Ressaltando que se trata de uma prova com 100 questões, um teste mais que psicológico, também físico, sendo que ao final você é aprovado para um segundo exame, num interminável “decoreba” que muito pouco condiz com o cotidiano jurídico. Alguém pode dizer que, faz a prova quem quer, mas na verdade são essas provas que preenchem cargos públicos e capacitam os profissionais das mais diversas áreas que, de uma forma ou de outra, nos prestarão algum tipo de serviço.
Faz-se necessário que a sociedade, e principalmente a mídia, debatam essas questões o quanto antes, na carona do episódio ENEM, pois é preciso que saibamos, ou que alertamos, que não é só o ENEM que tem problemas, mas o concursando brasileiro, passa por uma verdadeira maratona em busca da sua qualificação e aptidão, abrindo mão de horas de entretenimento, diversão e muitas vezes sacrificando até em determinados momentos a sua vida profissional. É preciso seriedade para lidar com essas avaliações, pois como já dito antes, elas que preparam os profissionais do serviço público bem como os profissionais liberais.
Os responsáveis (ou irresponsáveis) pelos danos causados com anulações ou más elaborações devem ser punidos drasticamente e aí, entra aquela velha máxima popular, “tem que fazer eles sentirem no bolso”. Se educando não aprendem, que seja pelas vias judiciais, punitivas, antes que o processo seletivo caia no descrédito total. A seleção criteriosa não é só do candidato, ela começa na escolha de quem vai aplicar a prova.













1 comentários via Blogger
Marcel,
ResponderExcluirLeio e lamento os teus comentários.

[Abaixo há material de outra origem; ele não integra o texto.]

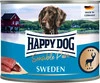 HAPPY DOG Sensible Pure SWEDEN Dziczyzna 200g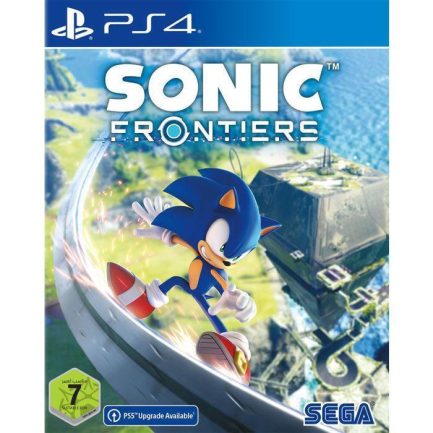 PS4 Sonic Frontiers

Acho que se deixou levar pela 'maldade' de alguns setores e fez eco ao preconceito velado dos críticos do ENEM.
O ENEM é maior prova de avaliação de ensino do mundo, com quase quatro milhões de avaliandos, em 1.700 cidades, baseado no método TRI.
Aplica provas a alunos portadores de deficiências mentais, surdos, cegos e com déficit de atenção.
Alunos carentes não pagam inscrição.
Qualifica os avaliandos a vagas em inúmeras Universidades, públicas e privadas.
Um aluno pobre, que tenha cursado em escola pública, concorre em pé de igualdade com alunos abastados, que tenham estudado em escola particular. Brancos ou negros.
Isto é motivo de orgulho para qq brasileiro.
As críticas ao ENEM escondem, na verdade, interesses financeiros contrariados.
E o Brasil não quer sediar a Copa do Mundo e as Olimpíadas. Ele vai sediar estes eventos. E vai, porque é justo e merecido.